Our Walgreens is stocking up! I need to shop!


----------



## brandywine1974 (Sep 10, 2005)

Picked up 4 foot lighted skeleton that hangs on a black spider web stand for the yard. Cashier said the rest of the stuff should be out by this weekend. Already noticed some stuff sold out. No spirit ball yet.


----------



## malibuman (Oct 13, 2005)

They also had Joltin' Jack. I'm gonna half to go back and get him. Kinda cute.
http://www.gemmy.com/product.cfm?productId=20633&subCatId=68&parent=41


----------



## brandywine1974 (Sep 10, 2005)

Dang it! If he shows up at mine, he is so going home with me.


----------



## LoLinex (Sep 27, 2005)

I purchased $100.00 worth of stuff at Walgreens yesterday as well.  

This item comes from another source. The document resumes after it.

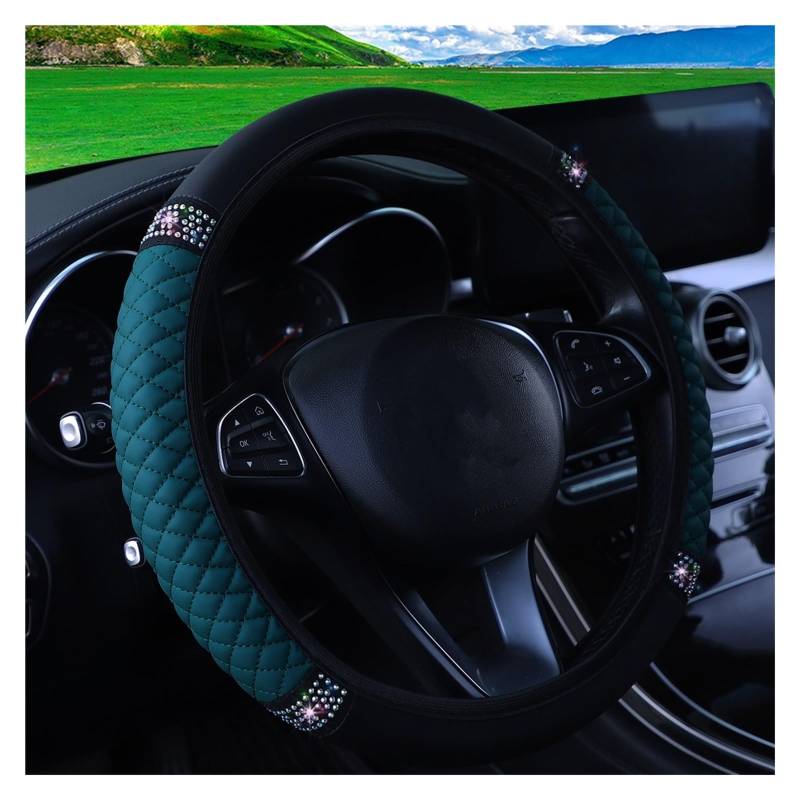 Lenkradabdeckung Universal Four Seasons Auto-Lenkradbezug, 37–38 cm, Leder-Stickerei, bunt, elastisch, Lenkradbezug Auto Lenkradhülle Protekto(Dark Green) von Tfkkaw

They have a really good selection considering they haven't put

all their stuff out yet. I've been stalking all the stores for Halloween

stuff everyday.

Happy Hauntings,
LoLinex


----------



## Johnny Thunder (Oct 7, 2004)

I went to mine today and all they have out are Halloween cards


----------



## Sipesh (Sep 5, 2004)

Ours had a few things, some lighted pumpkins, some $.99 skull candle holders (got four of those) and some $.99 miniature tombstones, (got four of those, too). They had that little electric chair guy out, too. I'll go back on Tuesday because it looked like they had a lot more boxes of stuff to get out. Yay!


----------



## MrsMyers666 (Oct 19, 2004)

Ours only has a small selection of candy....stupid back to school stuff is still out. Kids go back to school already, jeez J/K


----------



## DaveintheGrave (Feb 12, 2004)

I went to Walgreen's Friday night and it looked like all of their Halloween stuff was on display. That little animated skeleton in the electric chair is kind of cool (and loud!). If it was life-size I would love to have it.
They had the two different spirit balls for $19.99 also.
The only thing I left with was two large styro. tombstones for $10 that I'm going to modify for a prop I'm building now.


----------



## brandywine1974 (Sep 10, 2005)

Made a return trip today. They are STILL putting out there stuff.
They had three different spirit balls and I got the one with the skull in it. 
Also:
Joltin' Jack skelly
Lantern with animated head (they had three designs)
Skull pathway lights
Tombstone-lighted
And I think that is it. Left my loot in the truck so I may have forgotten something. 
I will check it out later this week to see what else they got.
I must say this is by far their best year IMHO. They always have descent stuff but they seem to have a TON of it this year.


----------



## Rikki (Aug 14, 2006)

So I went and checked out their stuff the other day. I was extremely interested in the changing pictures but once I saw them I was disappointed. The frames were so flimsy and, on most of them, the picture was bowing out of the frame! I decided not to buy them. 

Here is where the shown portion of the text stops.